Headquartered in Michigan, Syntel was founded in 1980 as a staff augmentation company and later evolved into a full service IT services provider. The company now offers product engineering, testing, application modernization, IT operations, and digital transformation services. The company caters to more than 50 clients, with the top three – American Express, State Street Bank, and FedEx Corp – contributing over 40% of the revenues. It is focused on the BFSI sector, which contributes 60% of the revenues and has a large presence in US, which accounts for almost 90% of its revenues.
Valuation:
The valuation of $3.6bn represents 3.7x LTM revenue and 13.5x LTM EBITDA of Syntel. This is in line with the market valuation of Syntel – it trades at 3.6x revenue and 13.1x EBITDA – and represents a premium of 4.8% on Syntel’s closing share price of $39.1 on July 20. Currently, the large cap IT services companies (over $1bn market capitalization) are trading at an average of 2.9x sales and 16.4x EBITDA.

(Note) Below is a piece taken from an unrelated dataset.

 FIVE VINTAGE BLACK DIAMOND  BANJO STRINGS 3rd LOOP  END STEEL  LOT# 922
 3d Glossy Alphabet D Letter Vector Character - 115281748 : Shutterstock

However, considering that the company has seen a decline in its revenues for past two fiscal years, the valuation seems quite generous. To be fair, the company now seems to be getting back to the growth path.

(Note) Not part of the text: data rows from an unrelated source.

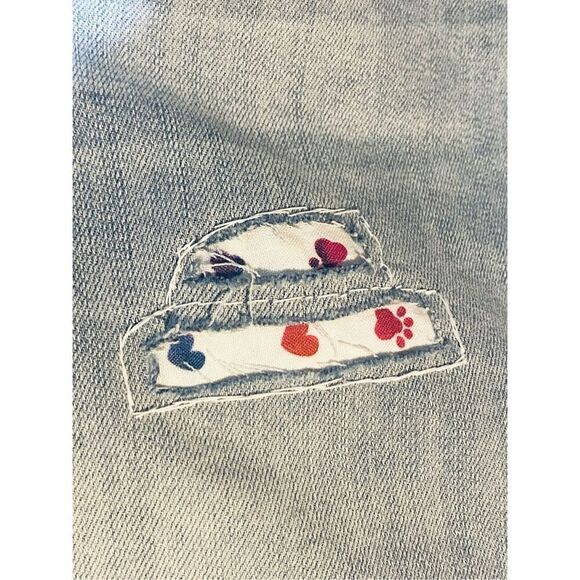 Laurie Felt Daisy Custom 3 Layer Hem Wide Leg Cropped Light Denim Jeans Wm’s Sz - Picture 3 of 6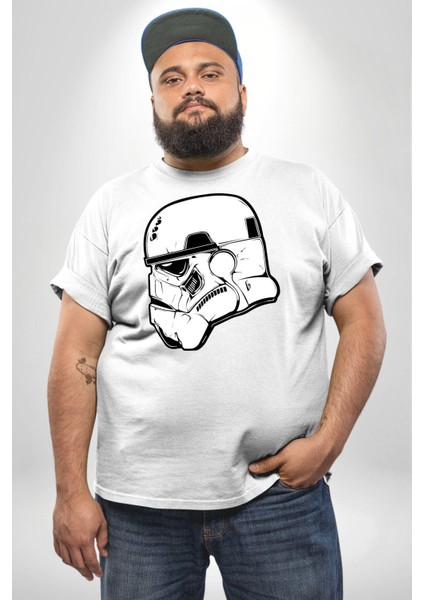 Klon Trooper Star Wars Kahramanı Beyaz Büyük Beden Kadın Erkek Ünisex Basic Ön Baskılı Tişört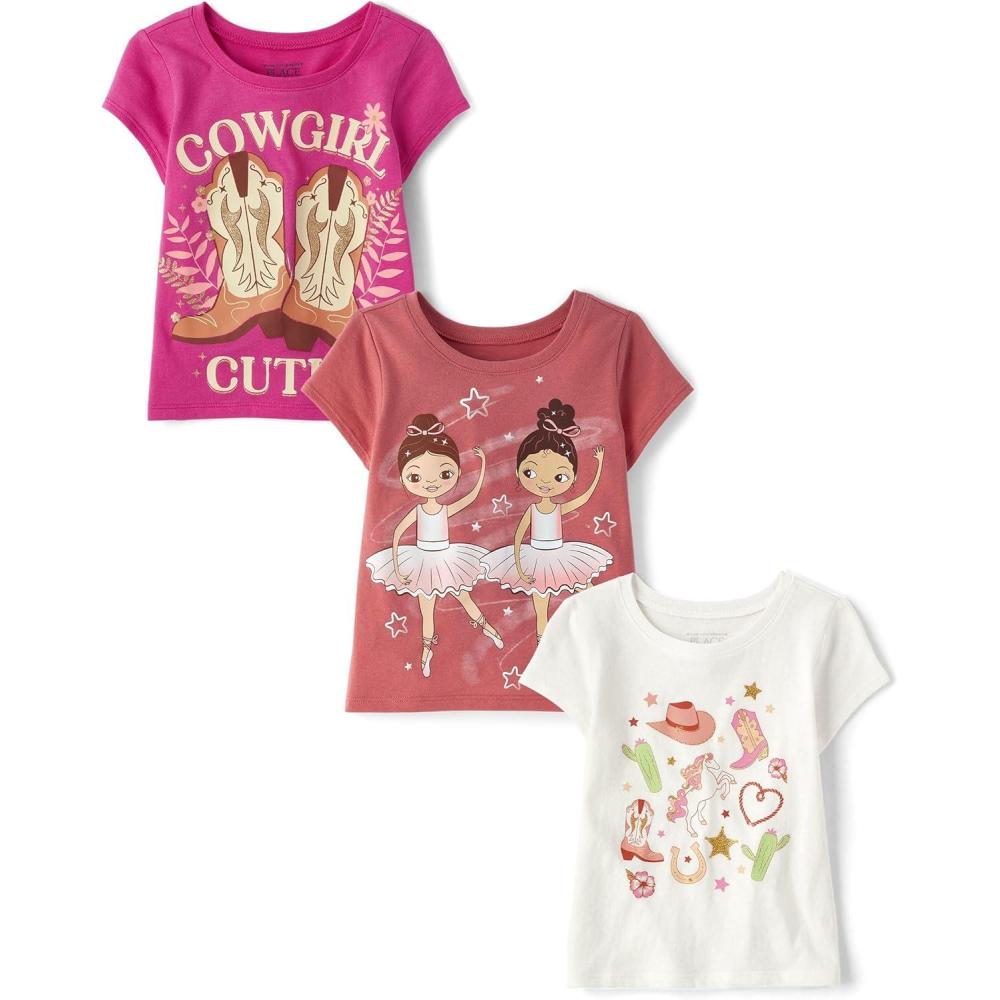 imageThe Childrens Place BabyGirls and Toddler UnicornsButterfliesTrends Short Sleeve Graphic TShirts3 PackCowgirl CutieBallerinasWestern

The higher valuation, then, can be attributed to the high margins – Syntel has healthy EBITDA margins of over 27%, compared to 12.6% for Atos and an average of 18% for large cap IT services firms – and the synergies that have been estimated by Atos. The company expects $120m in annual cost synergies by reducing SG&A costs and $250m revenue synergies by exploiting cross-selling opportunities by 2021.
Transaction rationale:
The deal is expected to be immediately accretive to Atos, with double digit accretion by 2019.
The transaction will significantly expand Atos’ presence in US, an important market which currently contributes c.17% to the company’s revenue. Also, it will greatly enhance its financial services vertical, which currently contributes c.18% of the revenues. It will acquire marquee customers such as American Express and State Street Bank, which have a long history of association with Syntel.
Syntel’s strong offshore delivery – 18k of its 23k employees are based in India – will help to improve Atos’ operating margins as well.
Atos has a history of acquiring and integrating large companies – Xerox (US IT), Bull, Siemens (IT solutions) to name a few. Syntel seems to have all the attributes of being another jewel in this crown of acquisitions.